• What to produce: Make an exact copy of the records, leaving out the images.

Caption-style text data:
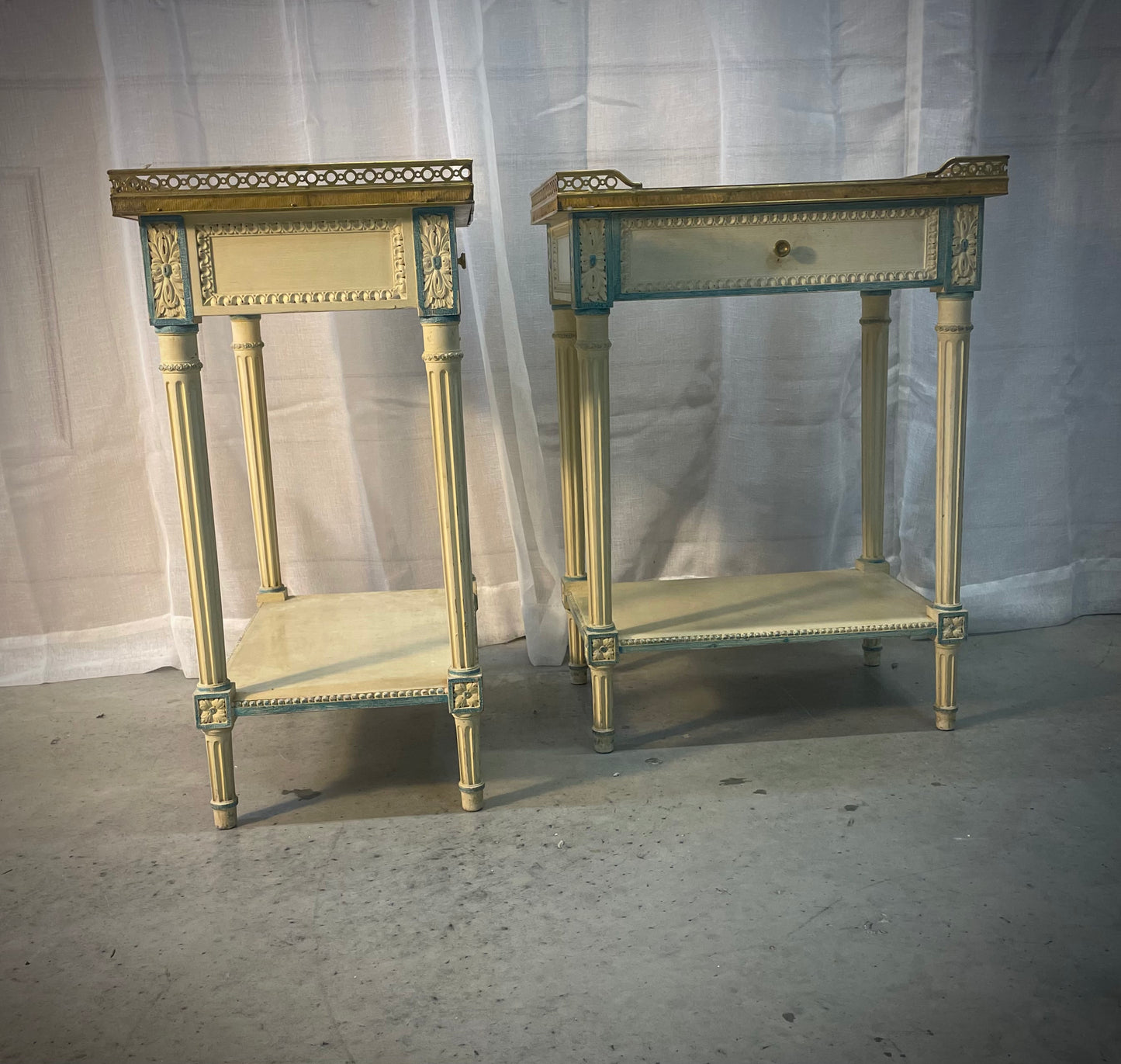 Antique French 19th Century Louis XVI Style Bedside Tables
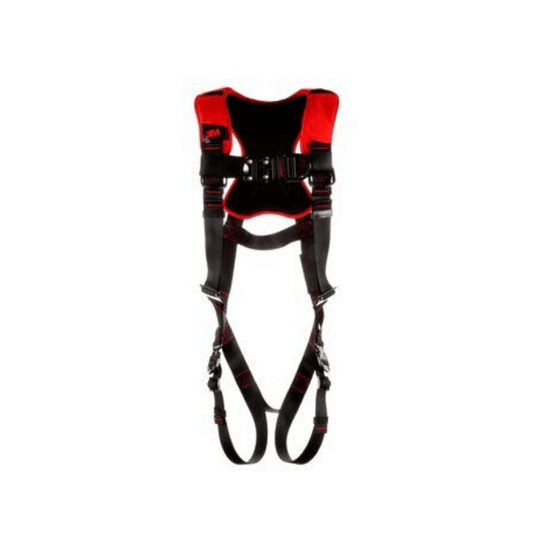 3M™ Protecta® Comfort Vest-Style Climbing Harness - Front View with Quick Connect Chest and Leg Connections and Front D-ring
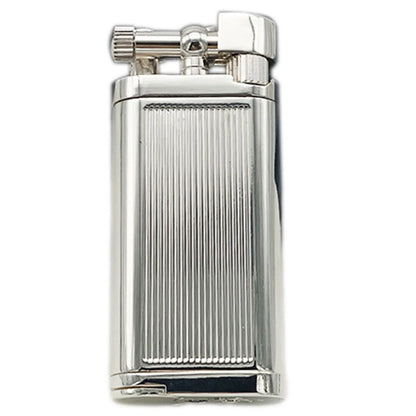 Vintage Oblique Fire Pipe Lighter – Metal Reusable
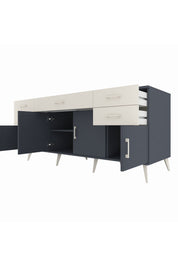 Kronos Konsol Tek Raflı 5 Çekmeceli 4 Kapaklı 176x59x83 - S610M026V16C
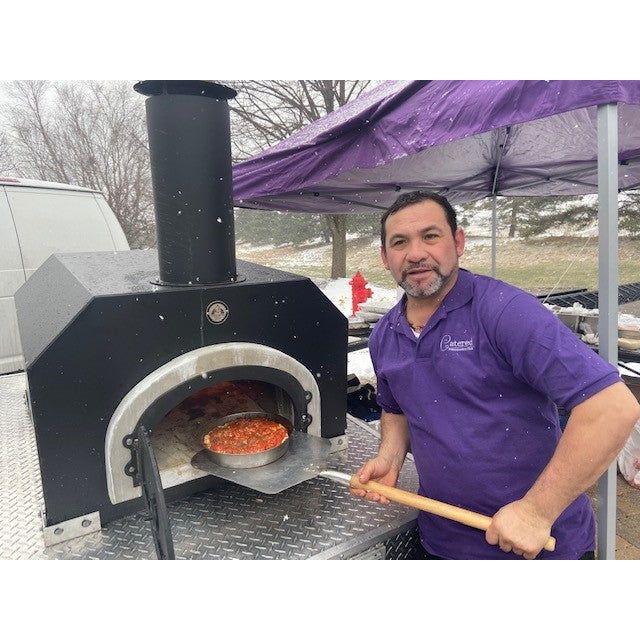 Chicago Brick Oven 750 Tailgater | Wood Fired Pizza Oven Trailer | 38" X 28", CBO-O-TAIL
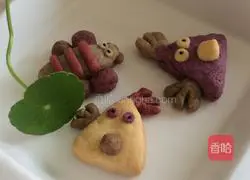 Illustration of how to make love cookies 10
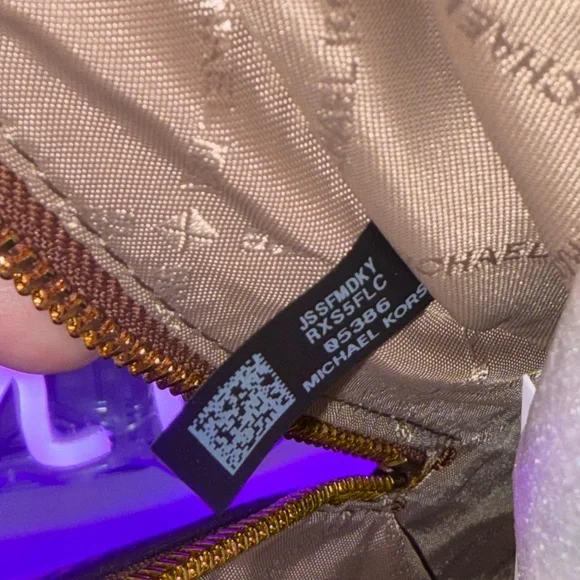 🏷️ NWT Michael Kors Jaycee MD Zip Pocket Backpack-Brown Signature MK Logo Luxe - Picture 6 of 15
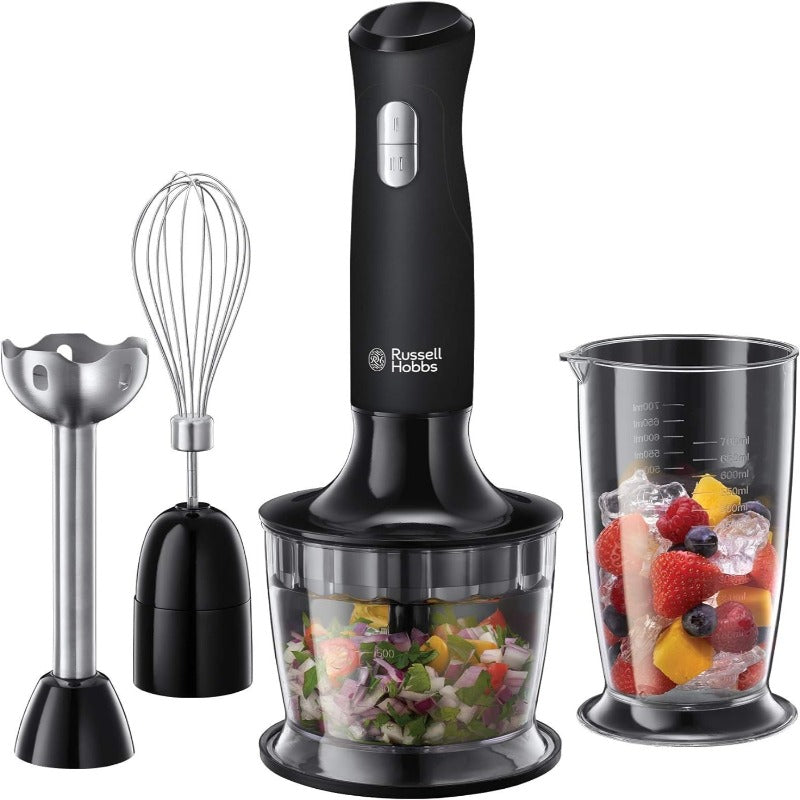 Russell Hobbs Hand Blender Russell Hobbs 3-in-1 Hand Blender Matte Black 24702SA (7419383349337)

• Solution for this problem:
 Antique French 19th Century Louis XVI Style Bedside Tables
 3M™ Protecta® Comfort Vest-Style Climbing Harness - Front View with Quick Connect Chest and Leg Connections and Front D-ring
 Vintage Oblique Fire Pipe Lighter – Metal Reusable
 Kronos Konsol Tek Raflı 5 Çekmeceli 4 Kapaklı 176x59x83 - S610M026V16C
 Chicago Brick Oven 750 Tailgater | Wood Fired Pizza Oven Trailer | 38" X 28", CBO-O-TAIL
 Illustration of how to make love cookies 10
 🏷️ NWT Michael Kors Jaycee MD Zip Pocket Backpack-Brown Signature MK Logo Luxe - Picture 6 of 15
 Russell Hobbs Hand Blender Russell Hobbs 3-in-1 Hand Blender Matte Black 24702SA (7419383349337)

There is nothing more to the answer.